I was made aware early in my journey to prepare for the numerous transitions that I would encounter along the way. Transition is defined as a place between what was and what will be – a widow’s transition is not so easily defined, so easily managed. It is in the quiet moments of each transition that I find much of my answers and the courage to let go of the familiar. I have been able to understand that the vulnerability I have always felt is not weakness but the greatest strength a person can have. You cannot experience life, without feeling life. I learned to celebrate my imperfections – my life with David allowed me the freedom and the opportunity. I would now have to find, navigate my way without him. I have had to redefine what courage means to me.
Vulnerability is the full and most accurate measure of courage.
I remember one of the last trips we made to the island in the year that preceded his death. It was the year immediately following my Mother’s death. We literally decided in the moment to pack a few things and head out – we would decide to extend our weekend trip to include a few extra days. We captured the moments, is what I remember and they are the best of my memories. It will not be the elaborate but the simplistic that remains etched in your heart – forever. They are reminders to me of how important, self-sustaining it is to “live” in the moments of your life. I have survived his death simply because of the life we created together, no unused moments allows you no regrets.

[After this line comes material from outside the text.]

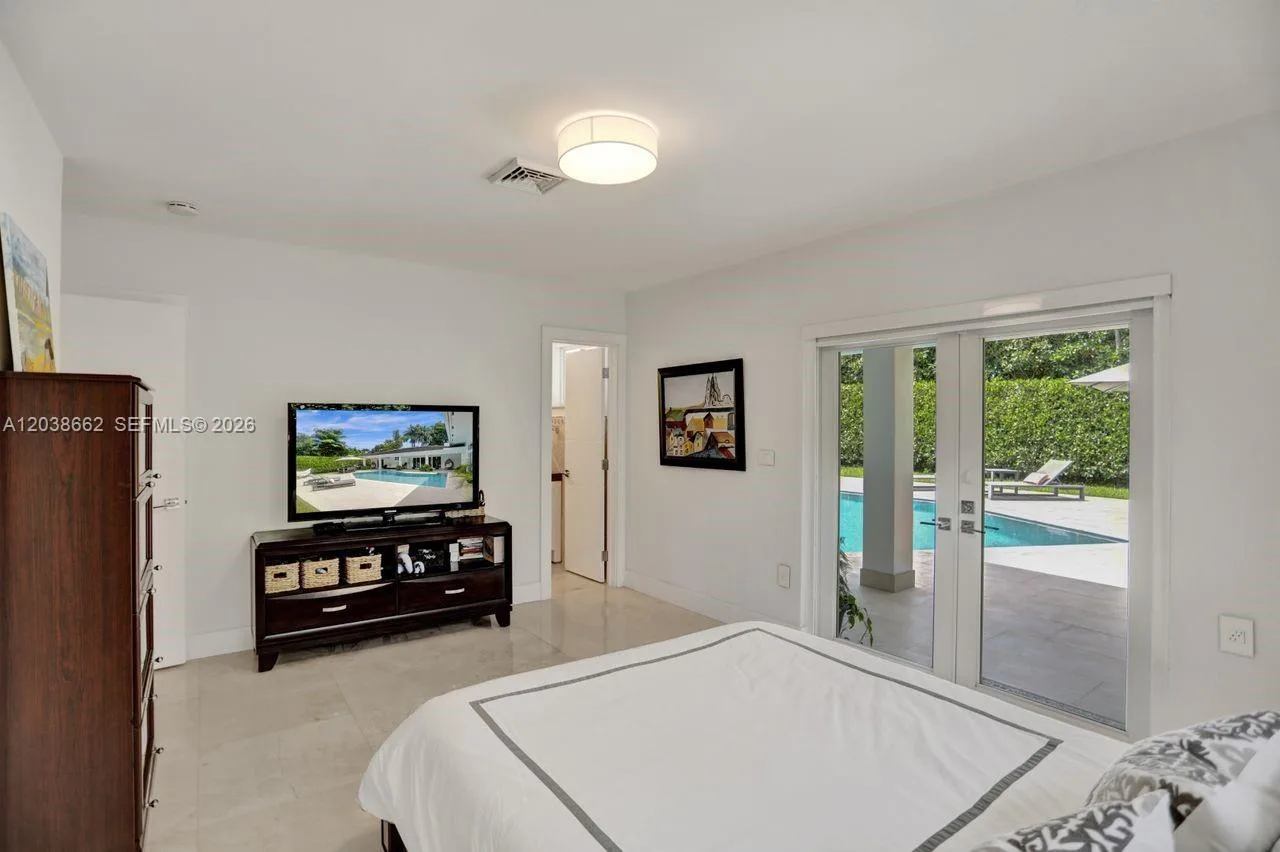1601 Lugo Ave, Coral Gables, FL 33156 photo 11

Vulnerability is showing up, being present and willing to be seen without facades or armor, it allows access. It also involves risk – authenticity puts you on the front line where you are subject to ridicule, judgment and responses that can trigger your feelings of shame. But those responses – attitudes derive from their own shame and fear. They are usually the perfectionists in our lives, “if my life looks perfect and I do everything perfectly” I avoid criticism, judgment – shame. My experience is that courage does not come from our strengths, it’s easy to enter the arena fully armed knowing that the odds are definitely in your favor to win. I have found courage in the vulnerable place of uncertainty when I haven’t been assured of the outcome but I have chosen to enter the arena anyway.
Your story should only be shared with those who have earned the right to hear it. Again, I would learn the hard way. Often the relationships that have suffered the greatest injury are amongst family members but I believe that when you decide to operate from a place of authenticity – your immediate response to any lack of empathy – ironically is empathy itself.
There were areas in my life that have required change for some time, those little tune ups – I am redefining courage in those areas as well. Stepping out and taking the risk knowing that there are no guarantees, I am more likely to get my butt kicked [a lot] in the process. But the alternative seems a whole lot higher price to pay – in the end.